Macrophages exert a vital effect in immune response by controlling phagocytosis, producing cytokines, and presenting antigens to naive T cells (Di Benedetto et al., 2019). Macrophages are also significant in the pathogenesis of RA (Ardura Juan et al., 2019). It has been found that compared with healthy joints, there are more macrophages in the synovial tissue of inflammatory RA (Mulherin et al., 1996; Tak et al., 1997). These cells are the primary source of cytokines, chemokines (such as CCL2 and CXCL8), and degrading enzymes that lead to synovial proliferation and ultimately to cartilage and bone destruction (Edilova et al., 2020). Macrophages are divided into two different phenotypes, M1 and M2, and play different roles. M1-type macrophages can be activated by IFN-γ and TNF, and can also secrete IL-23 to induce the production of Th17 and IL-17, which has a pro-inflammatory effect (Siouti and Andreakos, 2019). In the process of inflammatory injury, synovial cells release IL-33, which specifically induces the differentiation of Th2 cells and the transformation of macrophages into an anti-inflammatory M2 phenotype (Schmitz et al., 2005). Activated M2 macrophages release IL-4, IL-13, IL-10, and TGFβ, inhibit pro-inflammatory cytokines and the activation of osteoclasts, and participate in the regression of inflammation, angiogenesis, and tissue remodeling and repair (Tardito et al., 2019). It was demonstrated that F4/80+CD11b− macrophages increased when the disease subsides, and their polarization is in favor of anti-inflammatory M2 macrophages (Tu et al., 2019).

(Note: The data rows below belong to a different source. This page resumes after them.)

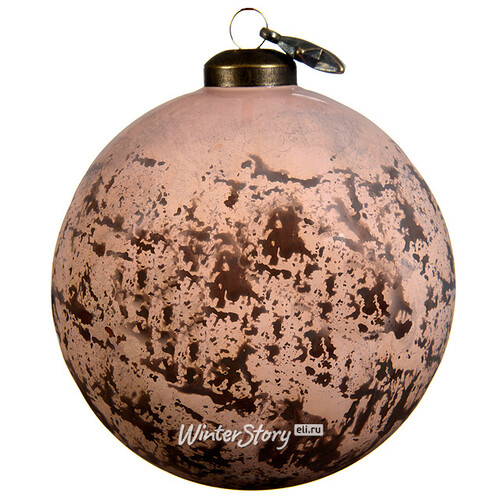 Винтажный шар Мраморный 8 см розовое шампанское, стекло Kaemingk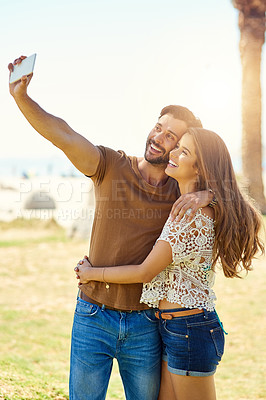 Buy stock photo Selfie, hug and couple with love, outdoor and romance with happiness, time together and relationship. Nature, embrace and man with woman, memory and profile picture with vacation, marriage and smile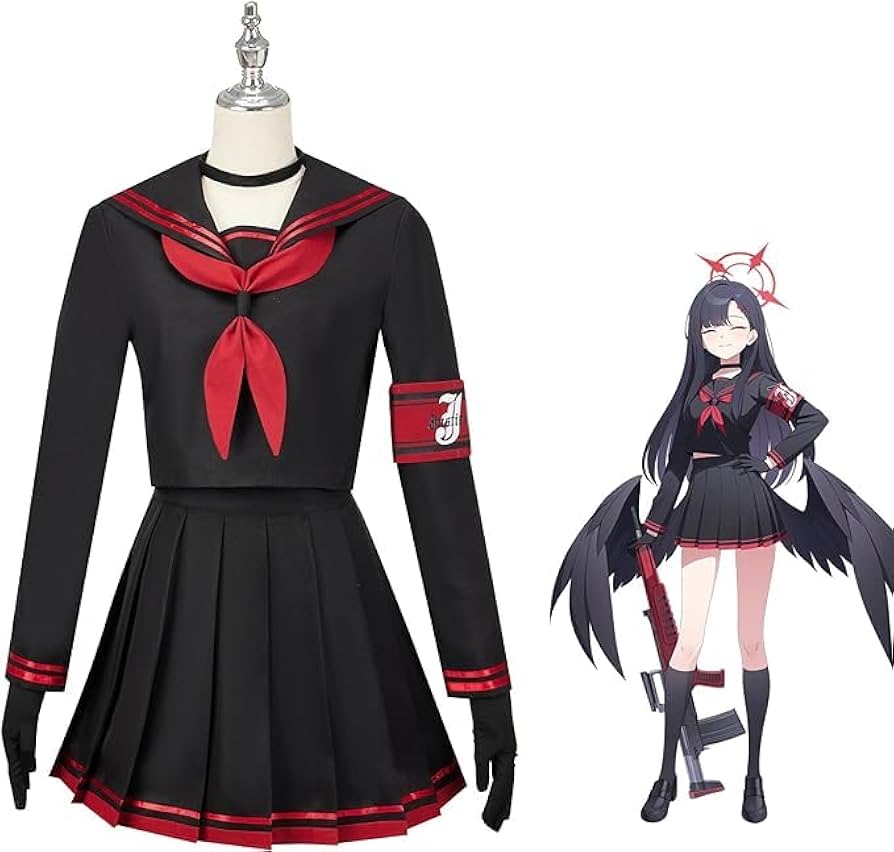 Amazon.co.jp: ブルアカ イチカ コスプレ セーラー服 長袖 7点セット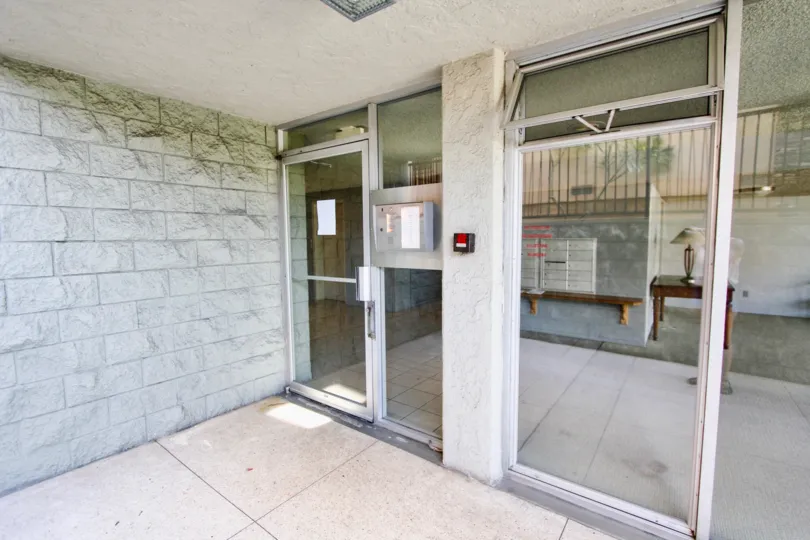 The doors into the Crestmar in Long Beach, California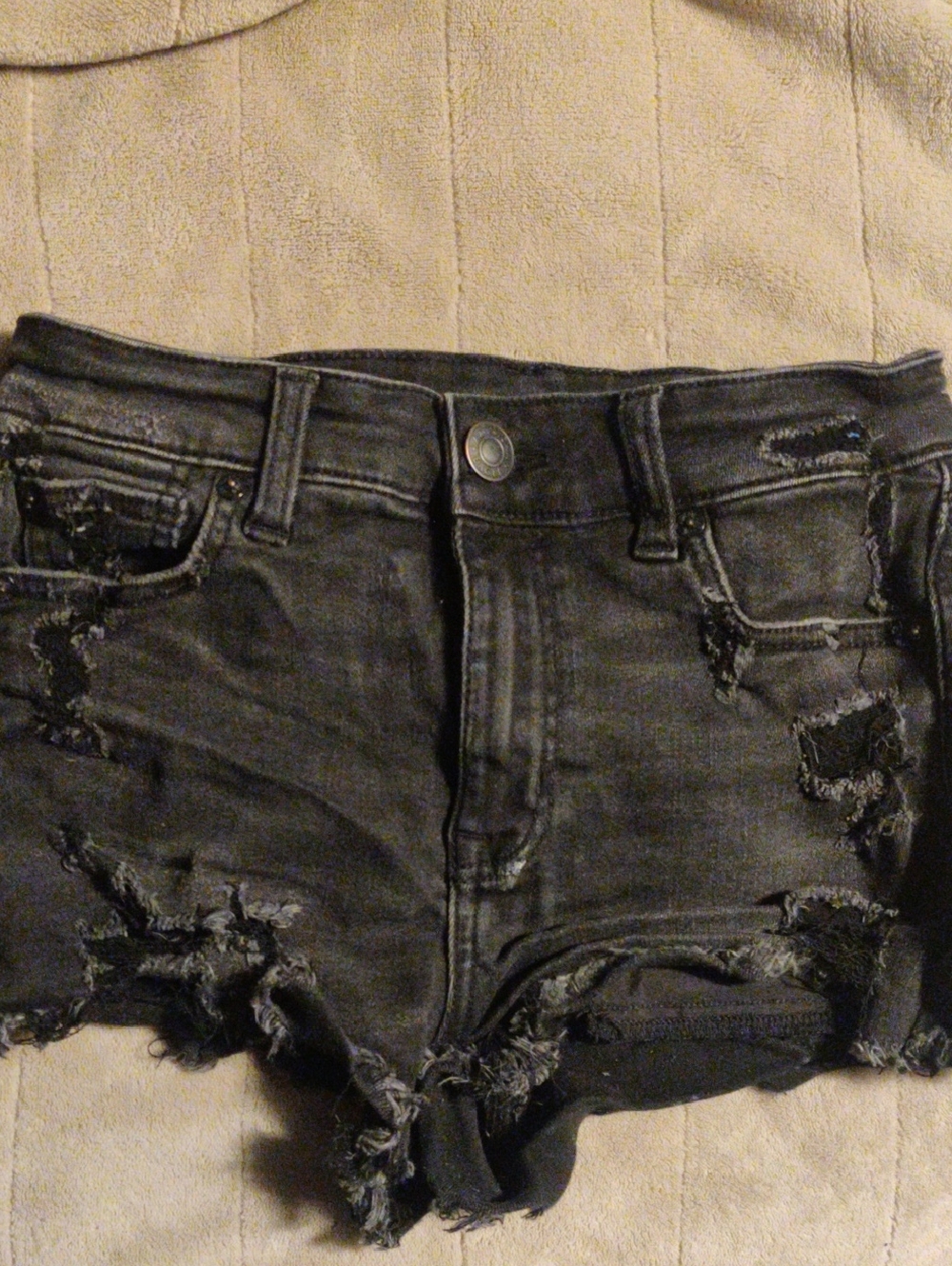 American Eagle Outfitters Black Distressed Denim Cutoff Shorts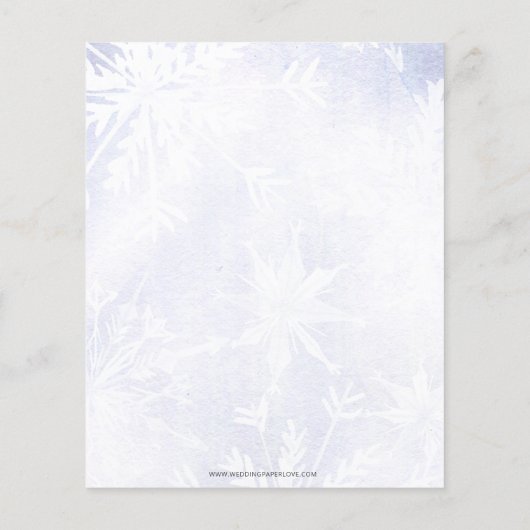 Papier Budget Rustic Snowflakes Invitation de mariage d'h (Dos)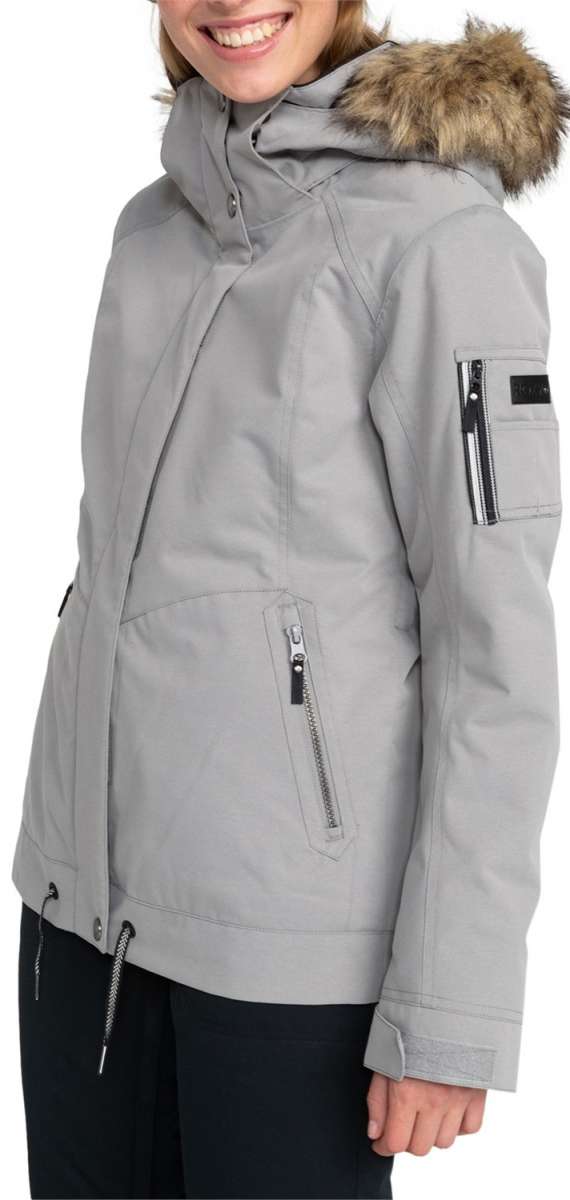 Roxy Women's Meade Insulated Jacket - A light gray jacket with a fur-lined hood and black zipper on the chest pocket.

In this experiment, our dates show that LTD treatment can regulate the STAT6 protein expression and promote the transformation of M1-type macrophages into the anti-inflammatory M2 phenotype. It also helps to regulate the secretion of inflammatory cytokines and shows immunosuppressive activity, thus slowing down the inflammatory process of synovial tissue and accelerating the regression of joint inflammation.

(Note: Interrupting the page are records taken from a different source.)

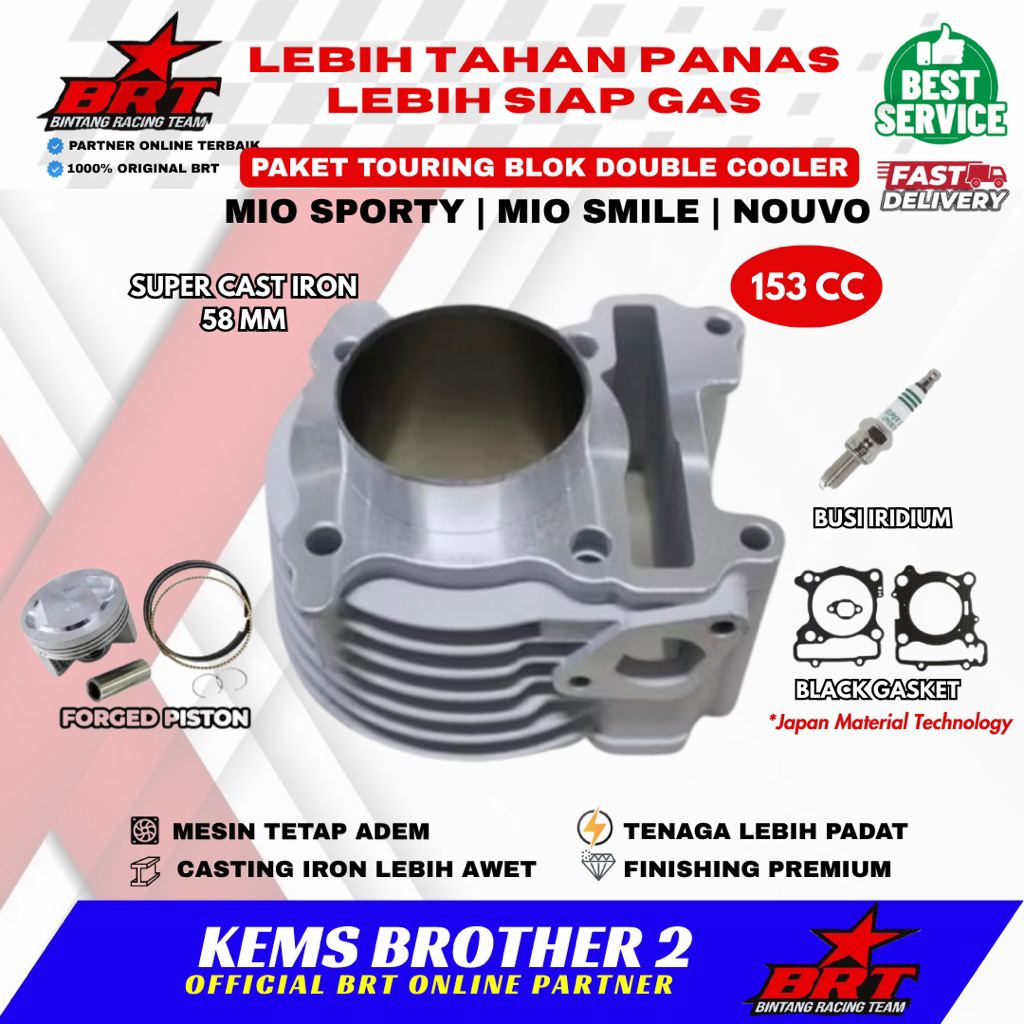 PAKET BORE UP BRT MIO SPORTY NOUVO MIO SMILE 153 CC PISTON 58 ORIGINAL BRT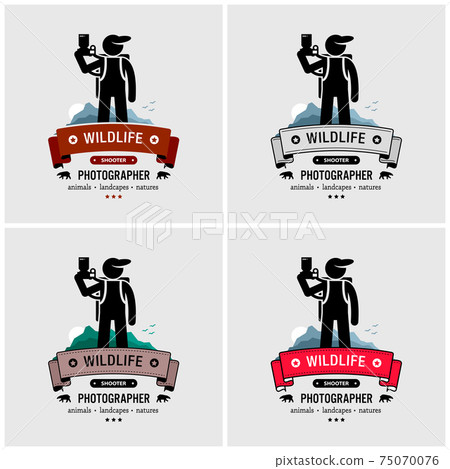 Wildlife and nature photographer logo design. Wildlife and nature photographer logo design. 75070076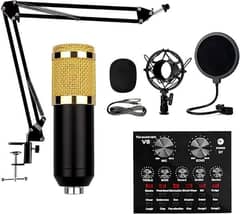 Podcast Mic Set with Live Sound Card & 12 Backgrounds for Podcast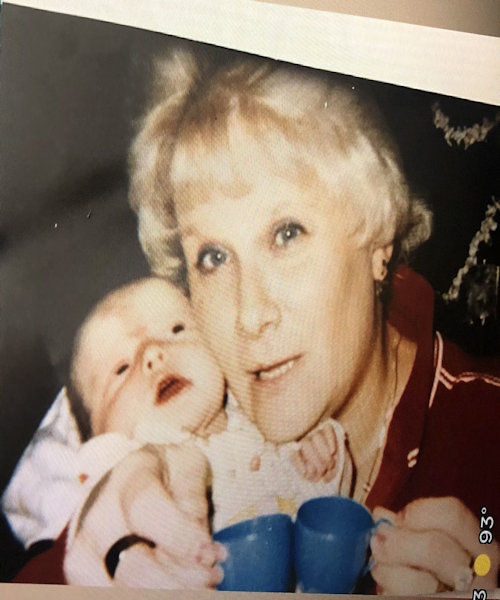 Linda is having a Tea Party with her then 1 month old Grand Daughter (Holly)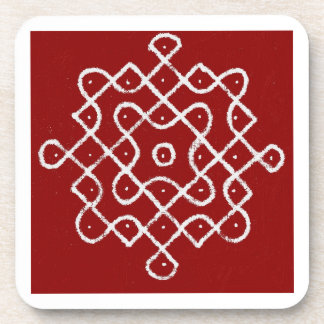 Kolam Rangoli Glass Coaster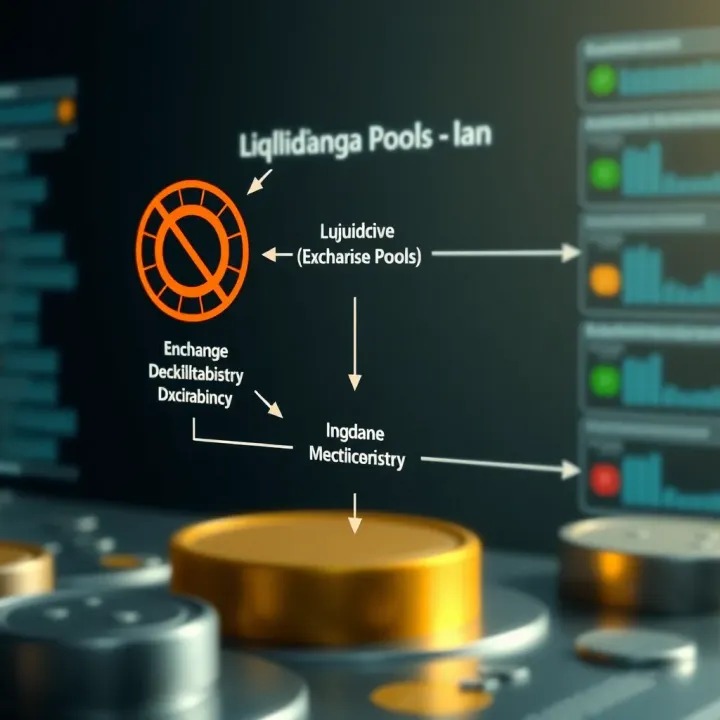 Diagram showing the decentralized exchange mechanism and liquidity pools of Uniswap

It was reported that ILC2s were reduced in the blood and synovial biopsy of RA patients (Leijten Emmerik et al., 2015). Our study also found a decrease in the percentage of IC2s cells in synovial tissue in CIA mice compared to the normal group. ILC2s is characterized by high expression of GATA-3 and production of Th 2 cytokines (IL-4) (Ebihara, 2020). After treatment with LTD, the number of ILC2s in the pathological tissues of CIA mice increased significantly. By secreting IL-4 and IL-13, ILC2s can inhibit or slow down the pathological changes of synovial inflammation in RA joints and play the immune regulatory function (Yasunori et al., 2018). It can also activate the STAT6 signaling pathway (Chen et al., 2019), promote the differentiation of M2 macrophages through the autocrine growth factor IL-9, release TGF-β, induce the recruitment and activation of Treg cells, inhibit the proliferation of Th17 cells and the secretion of pro-inflammatory cytokine IL-17, and improve inflammatory arthritis (Rauber et al., 2017).

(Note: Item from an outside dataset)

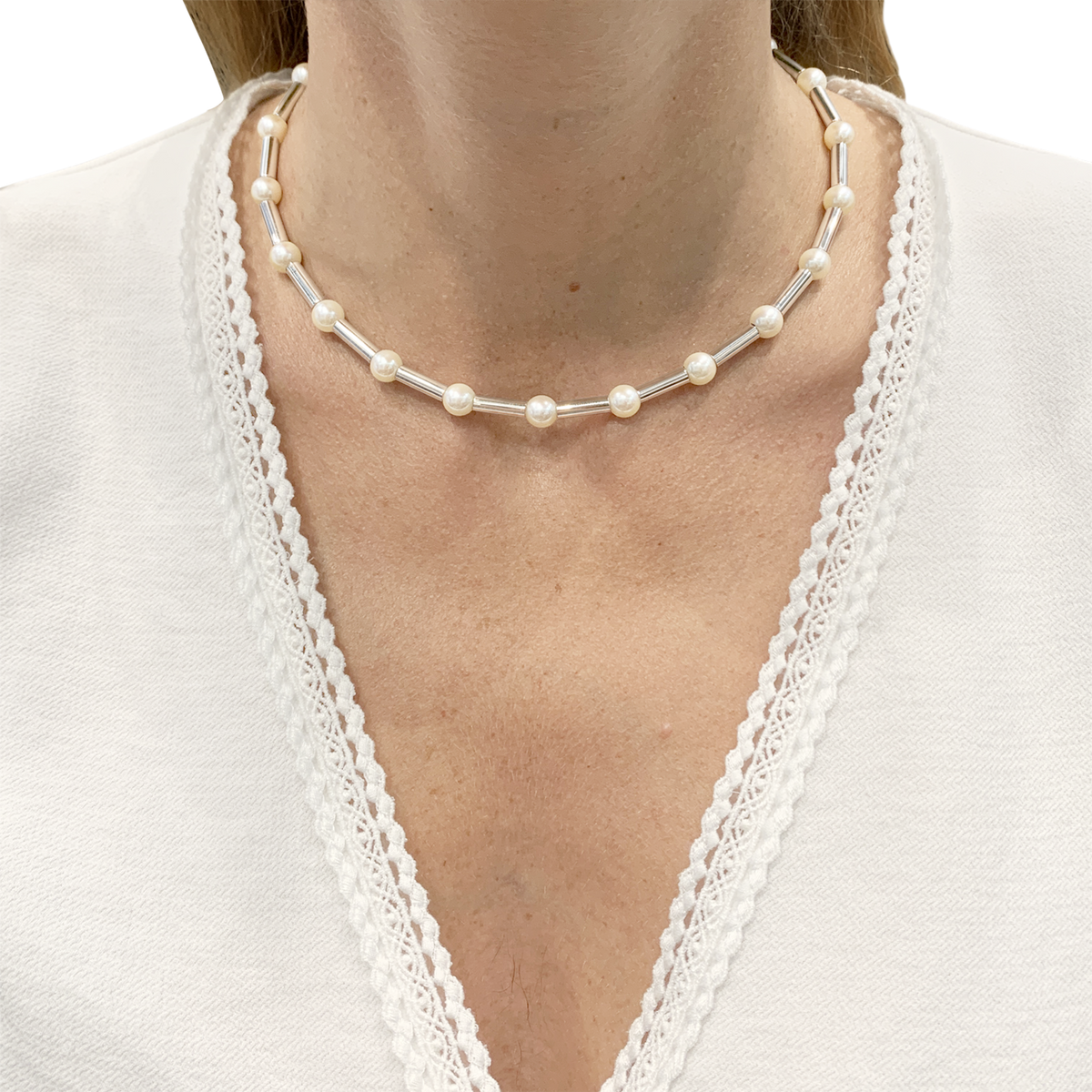 Collier Poiray "Fuseau", or blanc, perles.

In our study, LTD proved to be an effective herbal formula for treating RA. It can reduce the inflammatory swelling of joints in CIA mice, inhibit inflammation infiltration of synovial tissue, and relieve the cartilage damage. The main mechanisms may be related to regulating the proliferation of ILC2s and Th cells, regulating the activation of JAK/STAT signaling pathway, promoting the transformation of M1-type macrophages into anti-inflammatory M2 phenotype, inhibiting the secretion of pro-inflammatory factors, and restoring the homeostasis of RA tissue environment. These results of this research provide a basis for further LTD supplementation in the treatment of autoimmune arthritis including RA. Taken together, our results suggest that LTD can be considered as a supplement or replacement to traditional medicines in the treatment of RA.